# Small cut in tire, should I repair it?



## Pedro S (Mar 28, 2011)

Newb question...

I picked up a small cut in the tread of one of my GP4000s. It's only 3-4mm long and not very deep. Maybe 1-2mm deep with no cord is visible. Should I attempt a fix such as some rubber cement or boot the tire with a patch or just leave it be and ride it?

Sorry for the newb question but I'm a newb with his first cut tire.


----------



## tihsepa (Nov 27, 2008)

I got one yesterday. It was about exactly as you describe. I superglued it. After today it was showing cord and bulged a little. I changed the tire.

For the record I run Vittoria open corsas.


----------



## Pedro S (Mar 28, 2011)

That certainly wasn't what I wanted to hear. This tire only has 300 miles on it. To much coin to junk it if I don't need to.


----------



## Kerry Irons (Feb 25, 2002)

*Bulge test*



Pedro S said:


> Newb question...
> 
> I picked up a small cut in the tread of one of my GP4000s. It's only 3-4mm long and not very deep. Maybe 1-2mm deep with no cord is visible. Should I attempt a fix such as some rubber cement or boot the tire with a patch or just leave it be and ride it?
> 
> Sorry for the newb question but I'm a newb with his first cut tire.


If you inflate the tire and there is a bulge at the cut, then you need to boot the tire. A few layers of Tyvek (the white synthetic paper of a FedEx envelope) works quite well. If there is still a bulge after booting the tire, then it is a judgment call. A tire is often safe to ride even with a small bulge though it will wear faster at that point.


----------



## Pedro S (Mar 28, 2011)

So far there is no visible bulge. As it is now, I feel it is completely safe to ride. My concern is will it remain so. tihsepa above had a similar cut and it grew. If there is anything I can do to prevent the cut from expanding, I certainly would like to do it.


----------



## looigi (Nov 24, 2010)

Super glue dries hard and can further cut into the tire. If you choose to glue it, use something that is soft when cured.

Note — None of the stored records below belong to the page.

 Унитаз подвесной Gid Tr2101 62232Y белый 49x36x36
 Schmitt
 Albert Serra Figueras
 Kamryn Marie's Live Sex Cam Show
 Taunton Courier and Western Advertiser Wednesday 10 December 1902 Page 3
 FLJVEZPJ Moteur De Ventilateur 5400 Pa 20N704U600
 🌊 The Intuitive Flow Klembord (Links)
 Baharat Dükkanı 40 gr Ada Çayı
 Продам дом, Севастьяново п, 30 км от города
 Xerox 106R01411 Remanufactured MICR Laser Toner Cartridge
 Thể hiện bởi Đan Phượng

IMO, there is no benefit to trying to repair a cut in the rubber. If the cord isn't damaged or bulging, ride it.


----------



## Noupy (Aug 25, 2003)

*Shoe Goo*

I got this cut at 225 km (Vred tri comp) 7mm wide and I could see the casing the whole width of the cut
@&?%?%% .
I always trashed the tire when this happened but i decided to give shoe goo a try.

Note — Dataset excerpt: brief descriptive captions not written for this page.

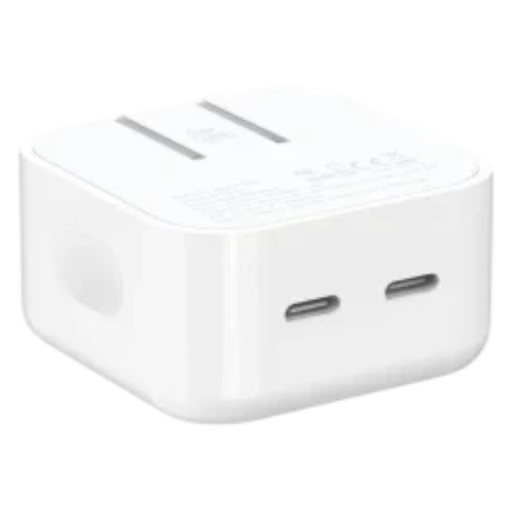 [IP45BL] MOVISUN IP-45 BLANCO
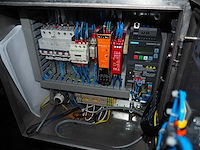 Ishida - afbeelding 8 van  9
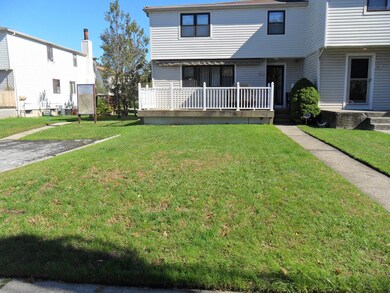 463-1 Willow Rd E, Staten Island, NY 10314 - photo 3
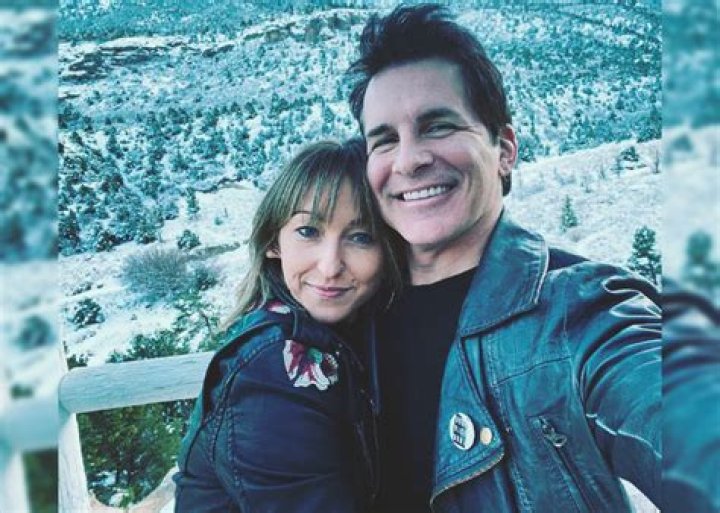 A Journey Of Love, Acceptance, And Impact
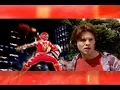Power Rangers Dino Thunder - Official Opening Theme and Theme Song | Power Rangers Official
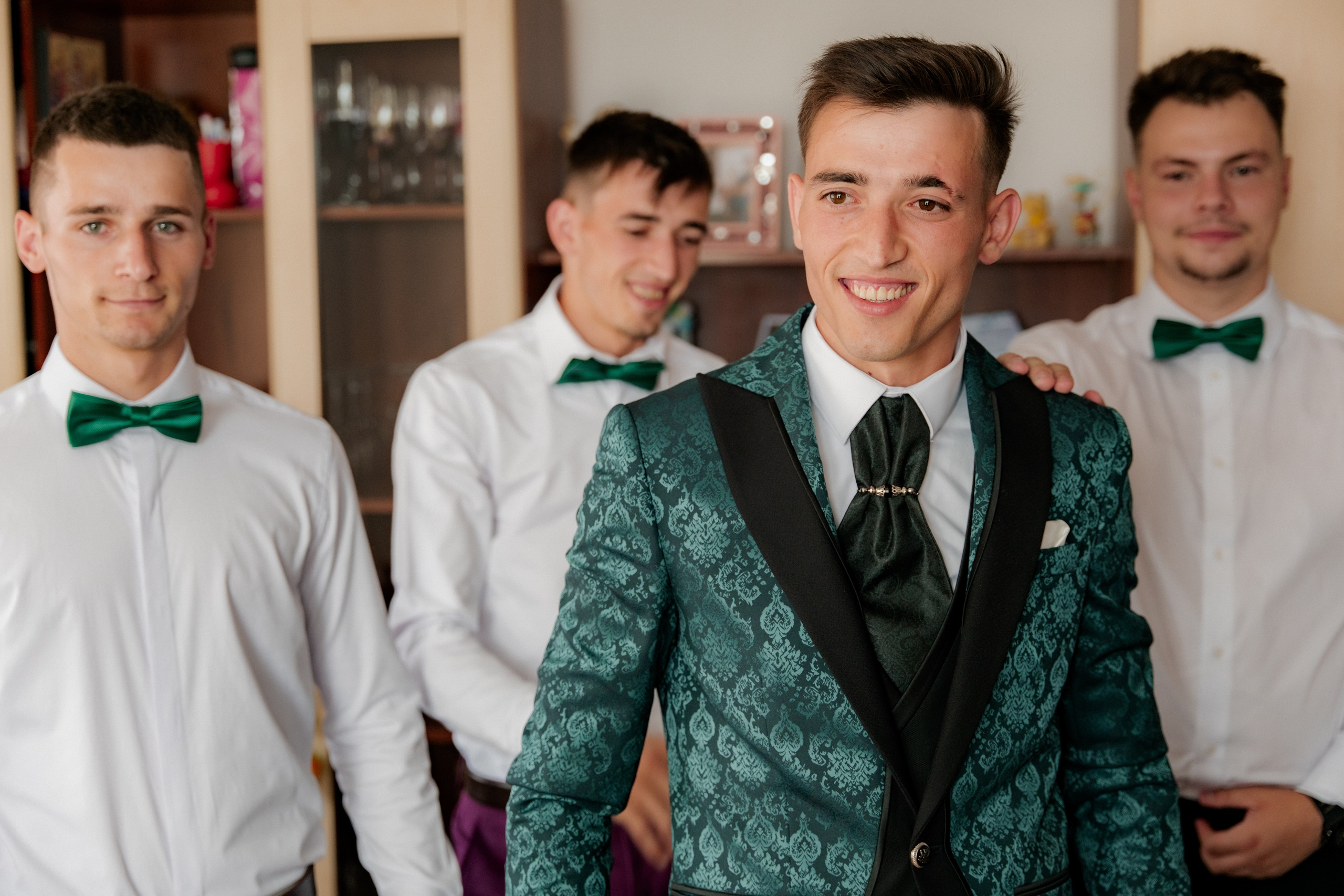 Dana & Cosmin. Dragosbaciuartphotographer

The pic is at 2300 km and in there about 3 km of gravel road ( group ride ??? )
and no bulge.
This stuff is really good
I have it on 2 other very small cuts and with the same result.


----------



## Pedro S (Mar 28, 2011)

I've read good things about shoe goo for this purpose. I'll give it a try. The cut in my tire isn't nearly as big.


----------



## JackDaniels (Oct 4, 2011)

I used to glue one of the big old school patches on the inside of the tire for surface cuts. Although nowadays I'm conservative and just toss them.


----------



## Oldteen (Sep 7, 2005)

looigi said:


> Super glue dries hard and can further cut into the tire. If you choose to glue it, use something that is soft when cured.
> 
> IMO, there is no benefit to trying to repair a cut in the rubber. If the cord isn't damaged or bulging, ride it.


+1 
Use Super Goo on soles of my running shoes but it doesn't last at all on bike tires.
FWIW- I NEVER ride a tire with cut that causes casing to bulge. IMHO tire boot is an emergency measure just to get ya home. I've seen too many blow-outs at bulge sites to trust such a tire.


----------



## AndrwSwitch (May 28, 2009)

Something people are talking around a little bit is this: The tread of the tire is not structural. It's important - you'd have some grip and wear problems without it - but it's not structural. If there's no damage to the casing, you're good.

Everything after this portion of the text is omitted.